Registration for 'virtual classes' will begin Monday

Sunday, May 6, 2007

SIKESTON -- Missouri public, private and home schooled students can begin on Monday applying online for the state's first "virtual classes."

Set to begin the first week of August, the "virtual classes" will offer a wide array of courses for Missouri students in grades K-5 and 9-12.

"We will go live on Monday morning. It's not a first-come, first-serve basis. They don't have to register on Monday," said Curt Fuchs, director of Virtual Education for the state.

Online registration opens at 8 a.m. Monday and closes at 8 a.m. May 29. Applications may be submitted only through the Department of Elementary and Secondary Education's Web site.

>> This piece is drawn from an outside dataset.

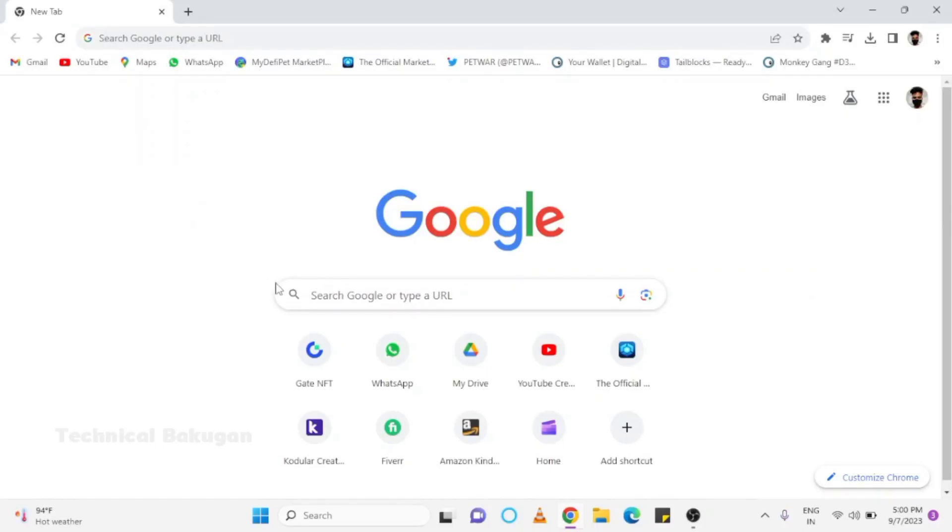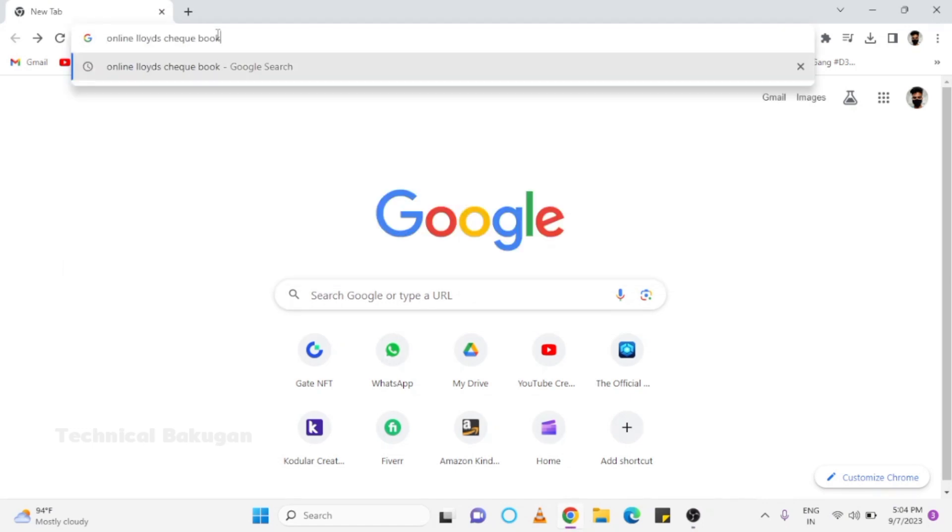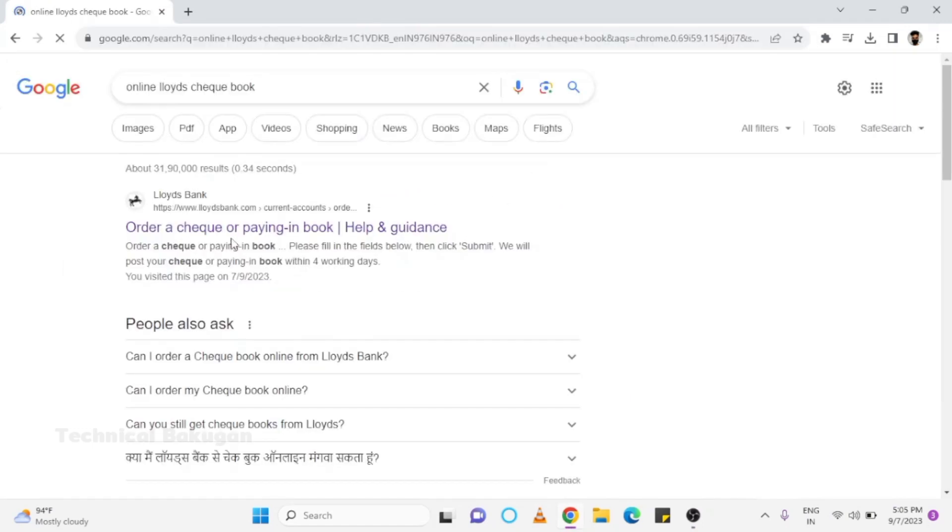To order Lloyds Bank's checkbook, first open your web browser and search for an online Lloyds checkbook. Then go to the bank's site to order a checkbook.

Each student, family or school that applies should submit a single application for each student. The selection of students will be through a lottery process after the May 29 closing date.

"We're doing it by region in the first round," Fuchs said about the selection process. "For example, the Southeast region, which is from the Bootheel to St. Louis, makes up 7.4 percent of the population of students."

State education officials will see how many students applied and how many are from each region. Basically, it's supply and demand, Fuchs said.

The Missouri Virtual Instruction Program (MoVIP) was authorized by state law enacted last year. Private vendors selected by the state will offer the online courses to students throughout the state. The classes will be taught by teachers who hold Missouri licenses.

"There's a real need (for the program) when you think of all the areas this will serve," Fuchs said.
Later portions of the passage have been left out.